**Task goal**.
Everything from the opening line of the records below up to and including the line containing "Portada impresa –" should be retyped exactly, minus the pictures.

╭──

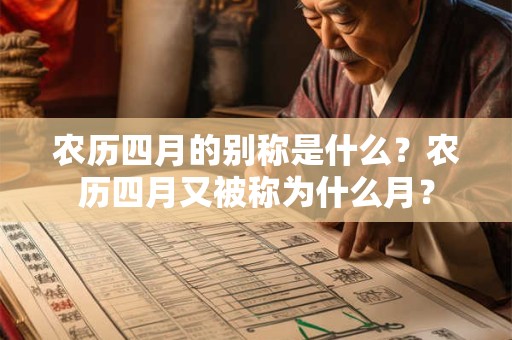 农历四月的别称是什么?农历四月又被称为什么月? 农历四月的别称是什么?农历四月又被称为什么月?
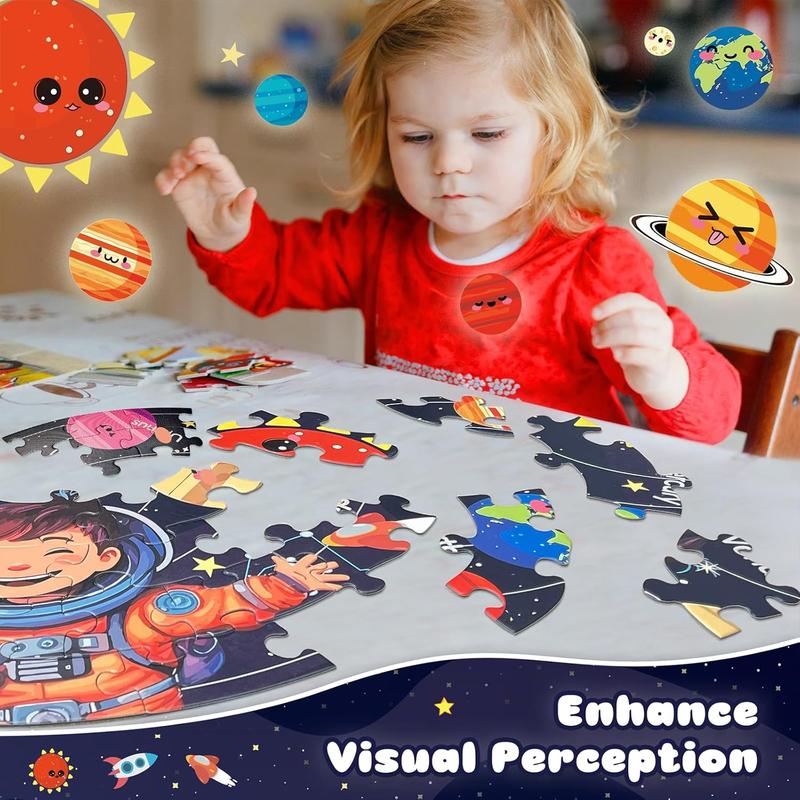 Puzzles for Kids Ages 4-6, Kids Puzzles with Solar System Planets, 70 count Round Large Floor Puzzles for Kids Ages 3 4 5 6 7 8, Educational Toy Gift Jigsaw Puzzles for 5 Year Old Boys Girls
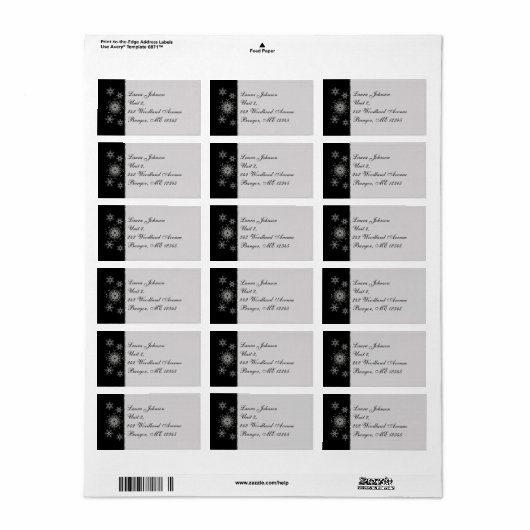 Schwarz-Grau-Glitzer-Snowflakes Rücksendeadresse Adressaufkleber (Vorne)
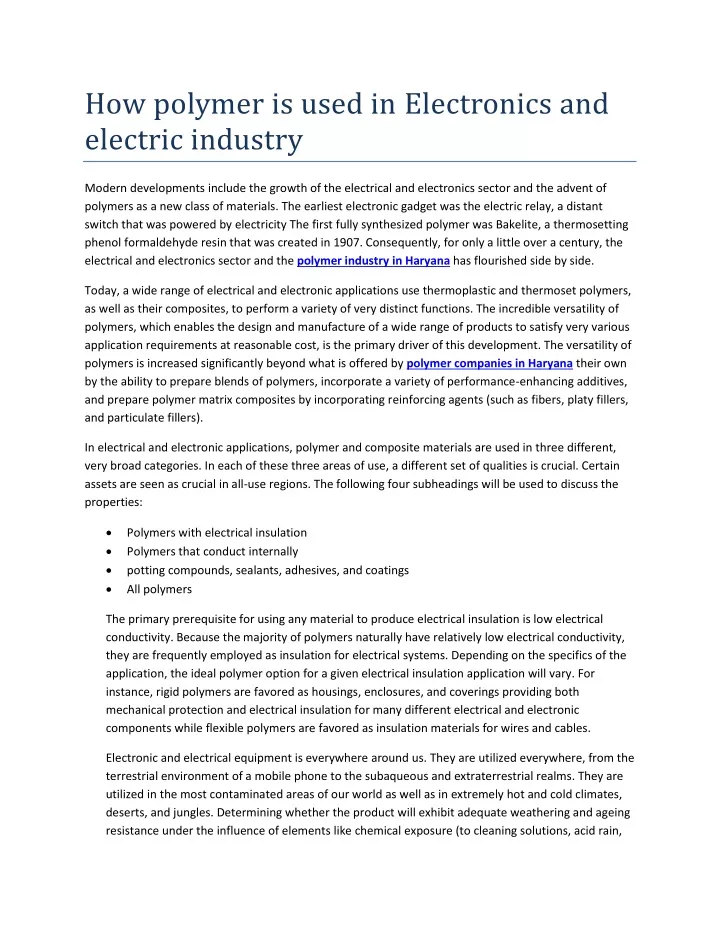 how polymer is used in electronics and electric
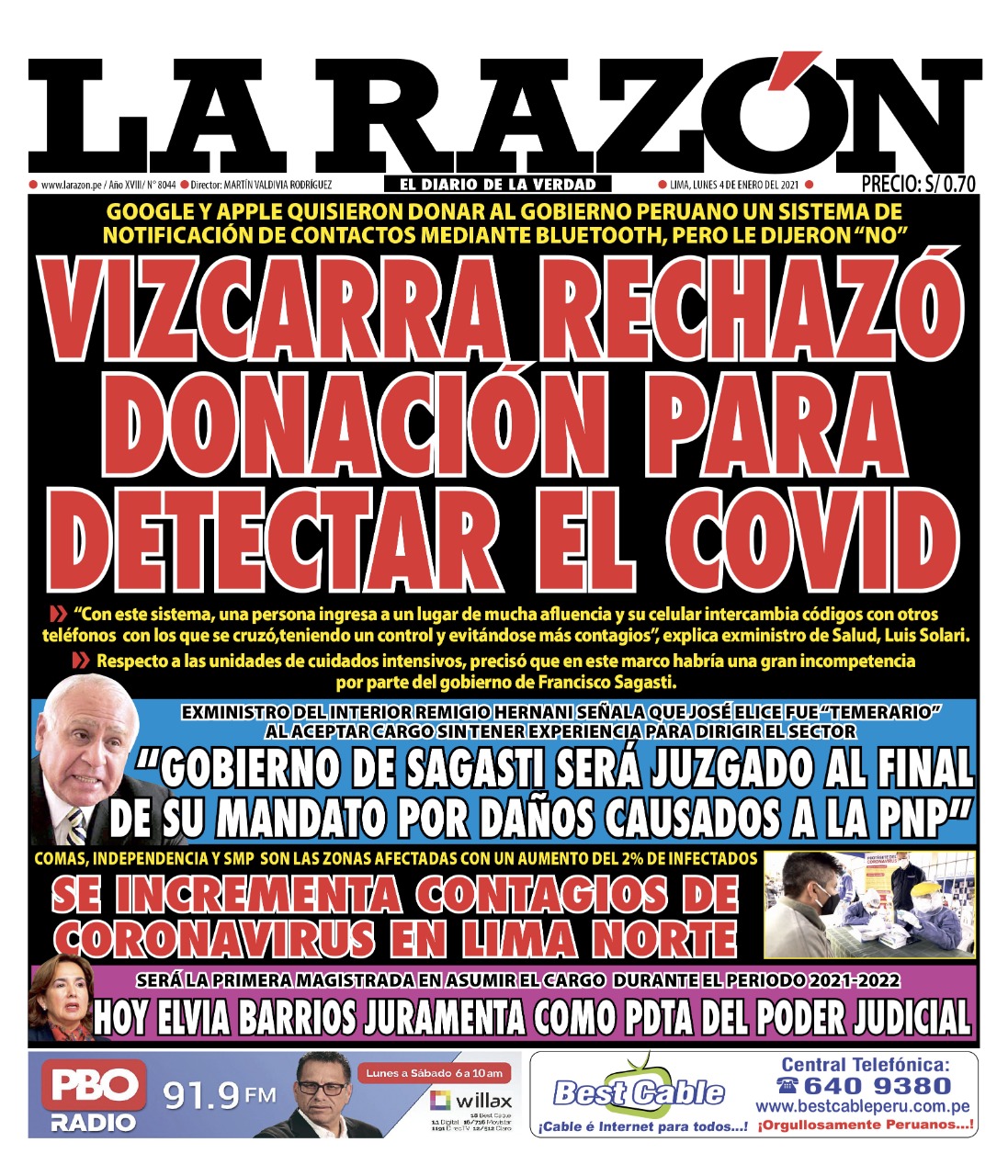 Portada impresa – Diario La Razón (04/01/2021)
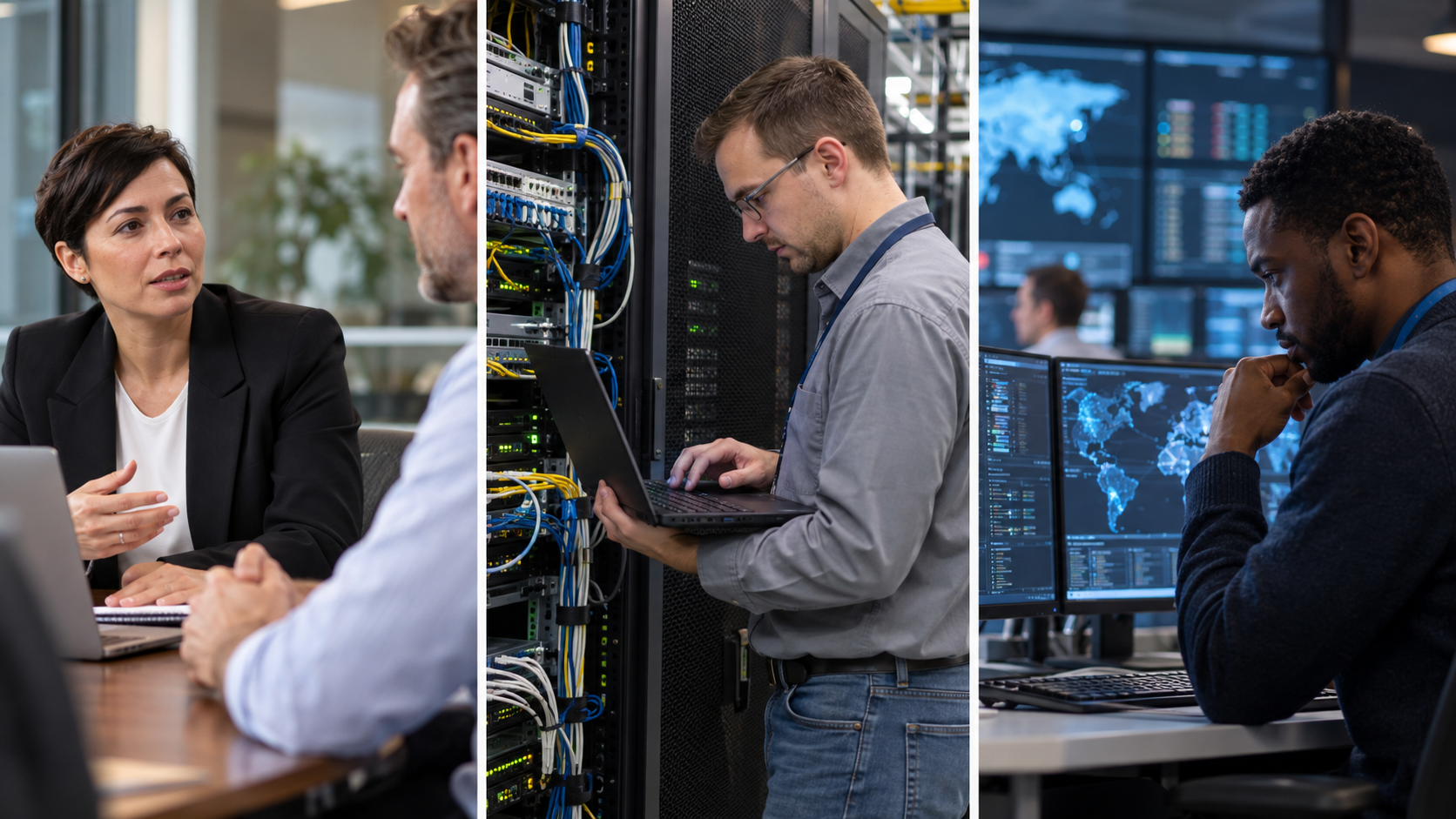 Comparison of in-house IT, reactive IT support, and Managed IT services for businesses.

╰──

**Response**.
 农历四月的别称是什么?农历四月又被称为什么月? 农历四月的别称是什么?农历四月又被称为什么月?
 Puzzles for Kids Ages 4-6, Kids Puzzles with Solar System Planets, 70 count Round Large Floor Puzzles for Kids Ages 3 4 5 6 7 8, Educational Toy Gift Jigsaw Puzzles for 5 Year Old Boys Girls
 Schwarz-Grau-Glitzer-Snowflakes Rücksendeadresse Adressaufkleber (Vorne)
 how polymer is used in electronics and electric
 Portada impresa – Diario La Razón (04/01/2021)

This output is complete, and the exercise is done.